Starting at the line that contains "BMW 740 M Sport" and stopping after the line that contains "External Affairs Minister", transcribe the listing below exactly; do not include any pictures.

[DATA FOR PROCESSING Boundary: Start]

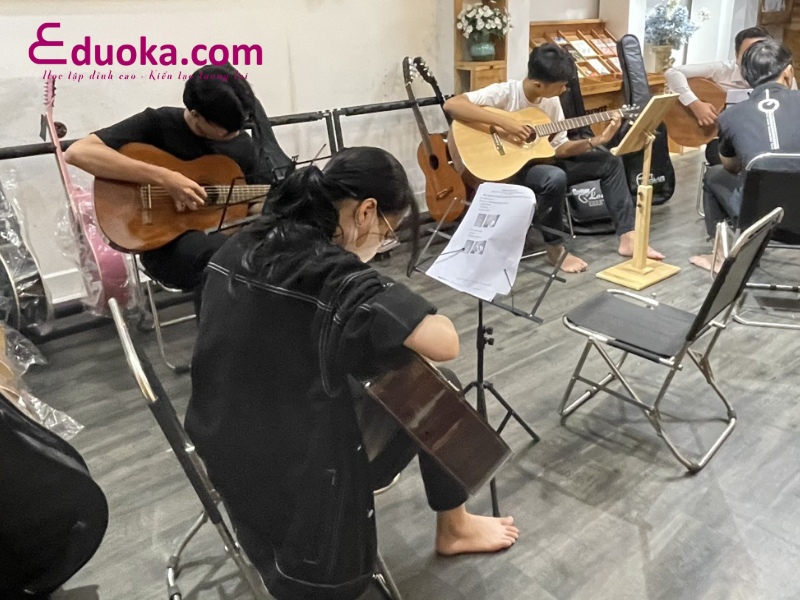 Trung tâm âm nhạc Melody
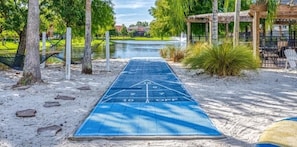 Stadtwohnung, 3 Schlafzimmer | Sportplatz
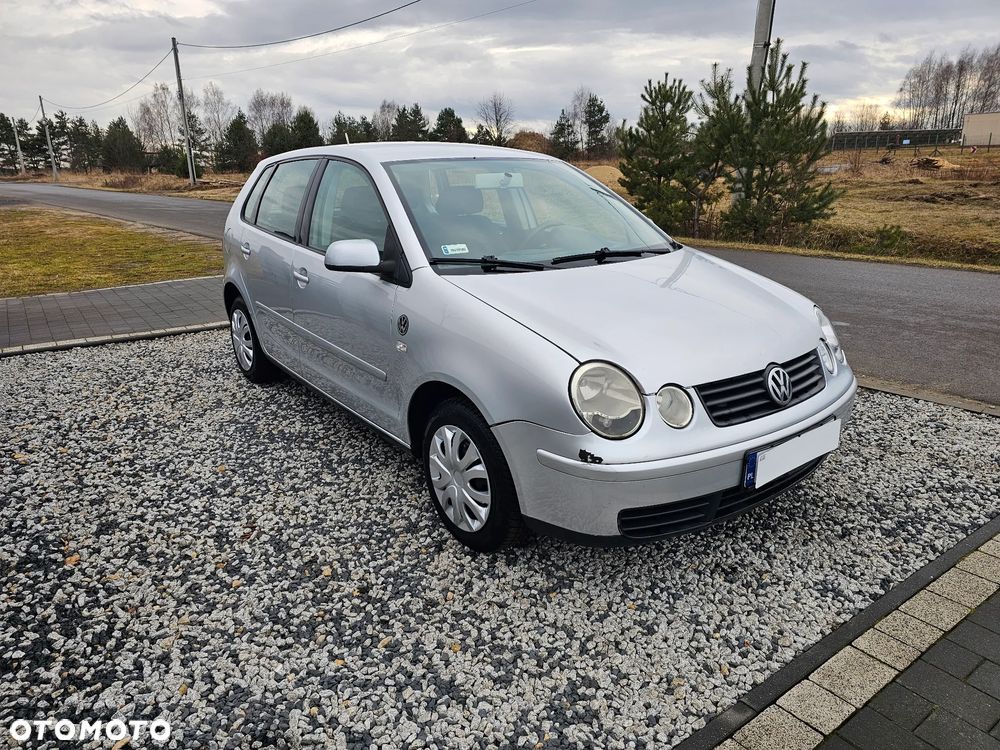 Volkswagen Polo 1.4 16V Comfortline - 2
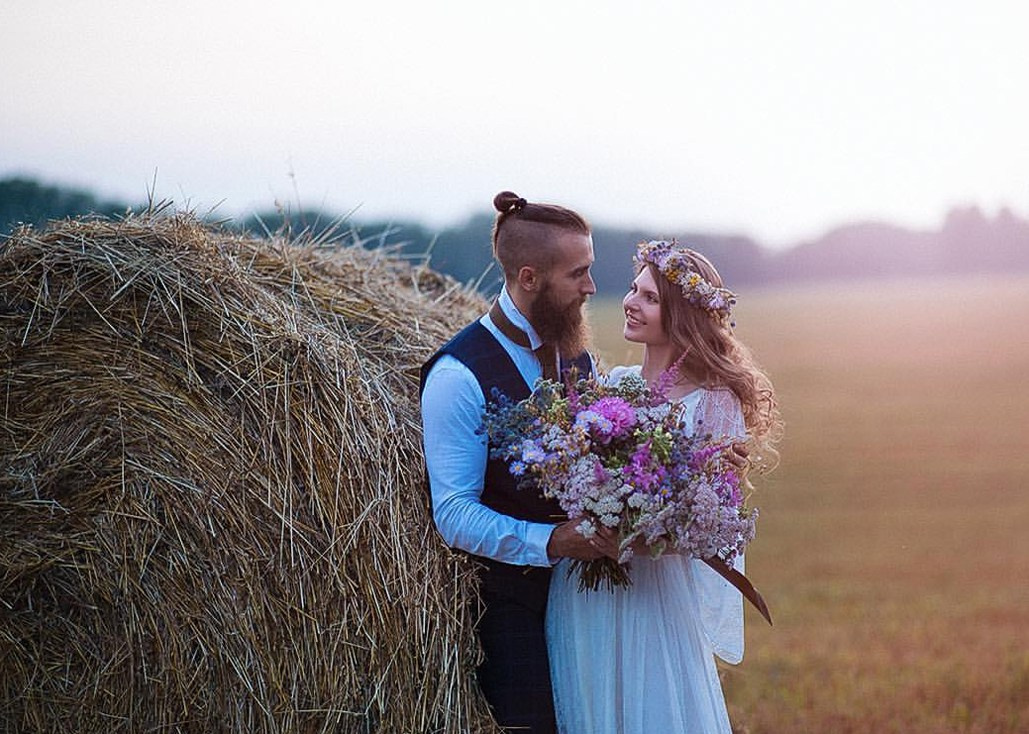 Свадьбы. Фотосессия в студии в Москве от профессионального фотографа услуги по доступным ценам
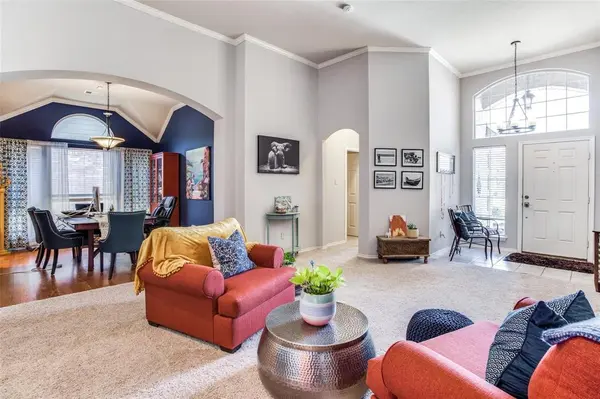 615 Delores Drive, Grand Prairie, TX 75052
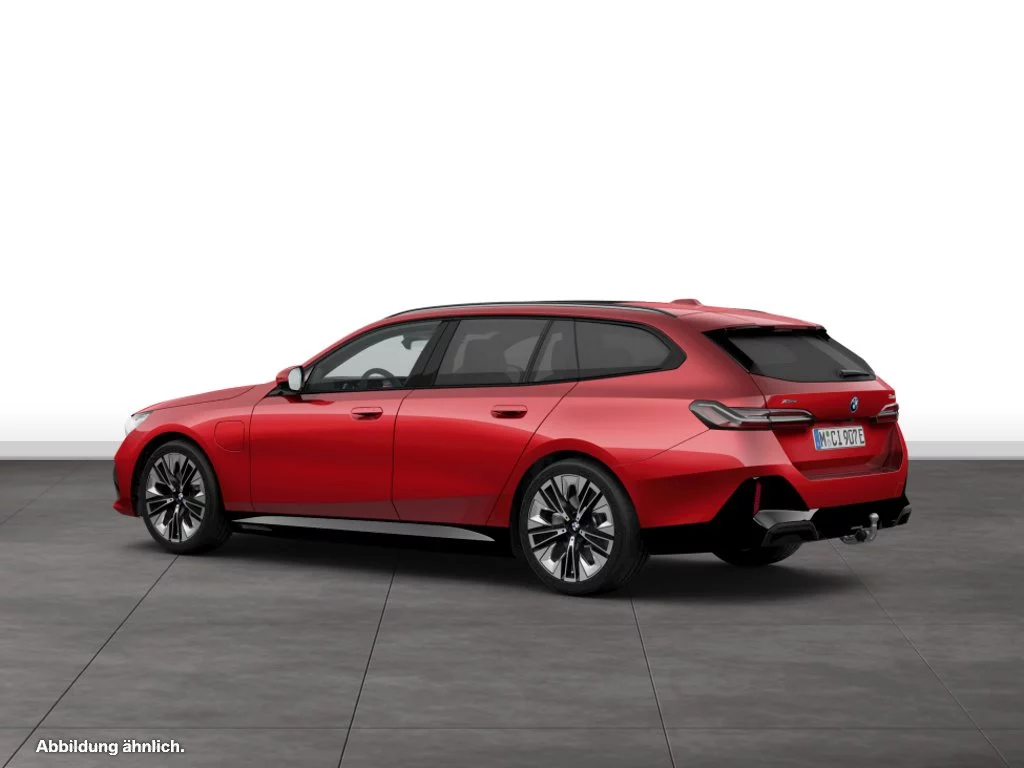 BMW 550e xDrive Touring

[DATA FOR PROCESSING Boundary: End]
[DATA FOR PROCESSING Boundary: Start]

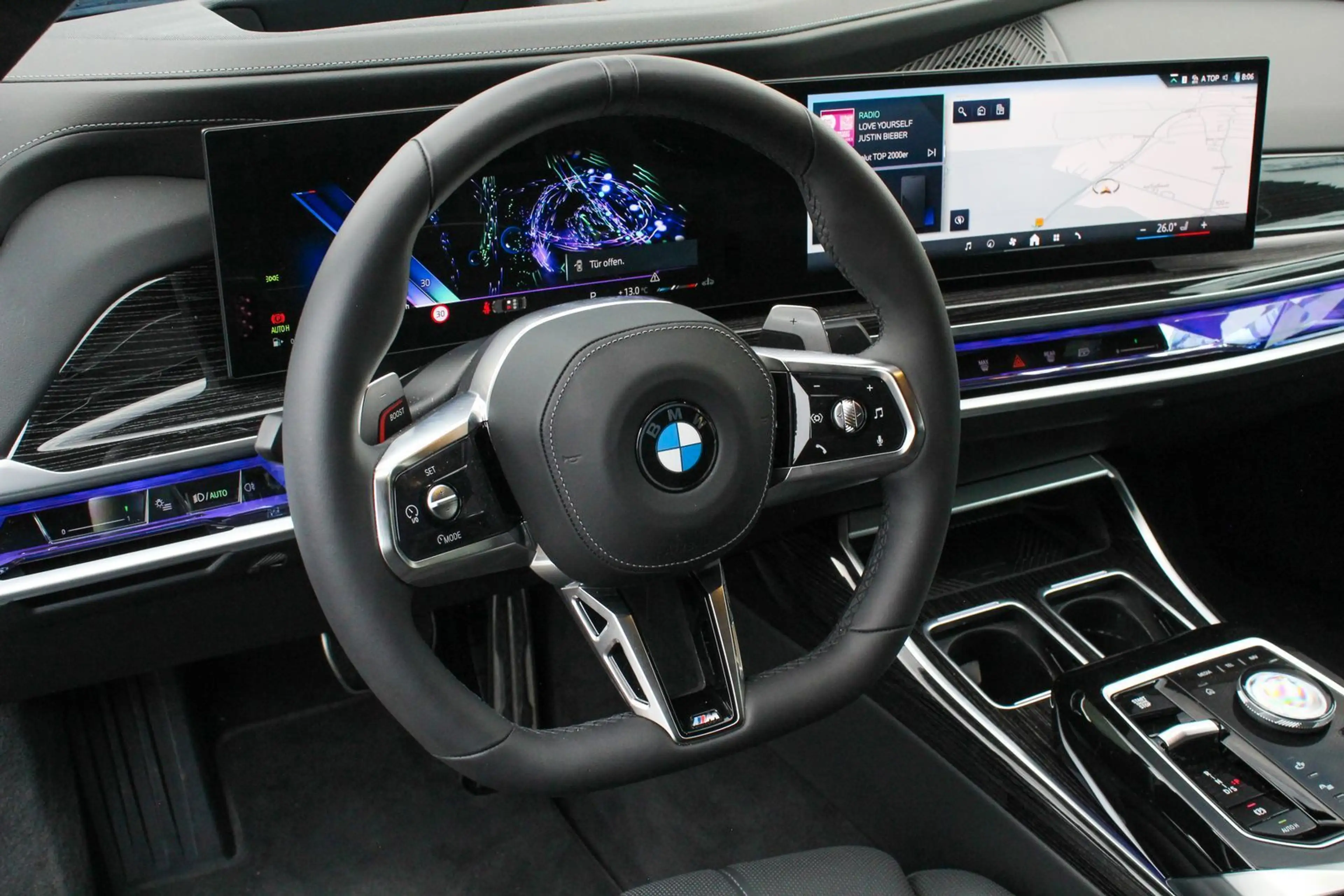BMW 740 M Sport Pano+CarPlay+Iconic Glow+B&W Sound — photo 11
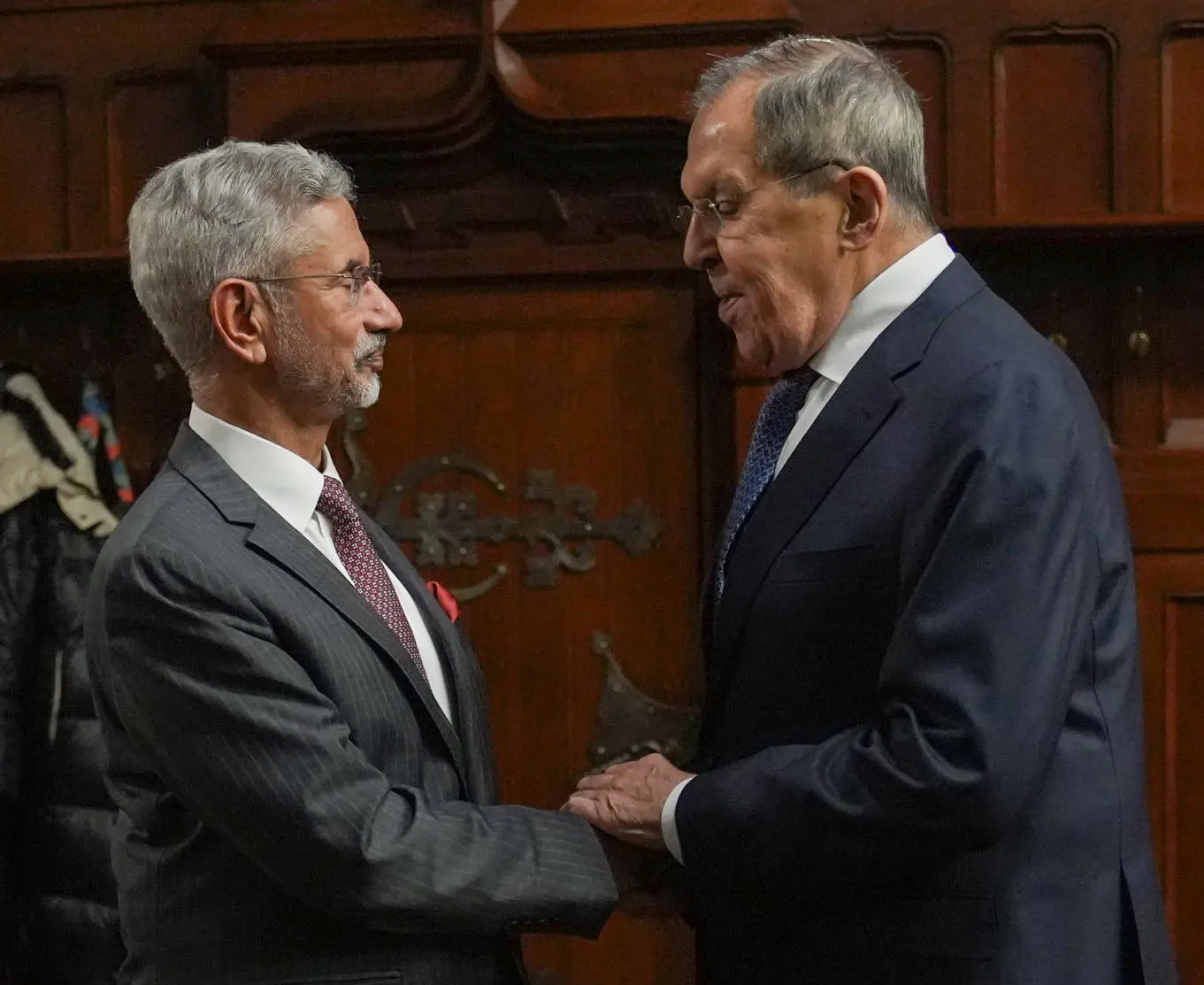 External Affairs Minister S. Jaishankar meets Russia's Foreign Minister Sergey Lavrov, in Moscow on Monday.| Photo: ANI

[DATA FOR PROCESSING Boundary: End]
[DATA FOR PROCESSING Boundary: Start]

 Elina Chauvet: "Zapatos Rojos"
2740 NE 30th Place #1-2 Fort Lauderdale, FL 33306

[DATA FOR PROCESSING Boundary: End]

◆ **TASK RESPONSE**
BMW 740 M Sport Pano+CarPlay+Iconic Glow+B&W Sound — photo 11
 External Affairs Minister S. Jaishankar meets Russia's Foreign Minister Sergey Lavrov, in Moscow on Monday.| Photo: ANI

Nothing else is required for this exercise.